Harcèlement moral : le salarié doit le prouver par des faits « précis et concordants »
Les accusations de harcèlement moral se multiplient dans les entreprises. Cela oblige l’employeur à contre attaquer (diffamation, dénonciation calomnieuse, etc.) mais surtout à se défendre.
Cela donne l’occasion de rappeler que la charge de la preuve pèse en partie mais d’abord sur le salarié.
En effet, tous les praticiens connaissent bien le dispositif prévu par l’article L. 1 154-1 du Code du travail, qui concerne le harcèlement moral comme le harcèlement sexuel, selon lequel le salarié :
« établit des faits qui permettent de présumer l’existence d’un harcèlement », à charge alors pour l’employeur de « prouver que ces agissements ne sont pas constitutifs d’un tel harcèlement et que sa décision est justifiée par des éléments objectifs étrangers à tout harcèlement ».
Si le harcèlement lui-même n’a pas à être démontré, les faits qui le laissent présumer doivent l’être.
Mais le Conseil constitutionnel a ajouté une précision, souvent négligée.

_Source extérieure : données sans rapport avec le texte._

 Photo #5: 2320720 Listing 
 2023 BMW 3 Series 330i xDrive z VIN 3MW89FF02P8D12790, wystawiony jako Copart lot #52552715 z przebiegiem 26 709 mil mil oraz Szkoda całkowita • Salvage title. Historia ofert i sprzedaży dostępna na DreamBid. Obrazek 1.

Au considérant 89 de la décision fleuve (Déc. N°2001-455 DC, 12 janv. 2002), il énonce :
« que les règles de preuve plus favorables à la partie demanderesse instaurées par les dispositions critiquées ne sauraient dispenser celle-ci d’établir la matérialité des éléments de fait précis et concordants qu’elle présente au soutien de l’allégation selon laquelle la décisions prise à son égard […] procèderait d’un harcèlement moral ou sexuel au travail […] ».
Ainsi, le salarié doit établir des faits « précis et concordants ».
Exemples :
- Un témoignage se bornant à accuser untel de harcèlement moral n’est pas précis.
- Non plus que la narration d’événements sans date ni protagonistes dénommés.
- Un PV de CHSCT faisant état de tensions dans un service ne concorde pas, en soi, avec les accusations d’un salarié dirigé contre le responsable de ce service.
- Un événement isolé susceptible de caractériser un harcèlement devra être écarté s’il ne concorde pas avec d’autres faits également passibles de l’article L. 1152-1.
En conclusion : les plaideurs doivent rappeler aux juges cette notion de faits « précis et concordants ».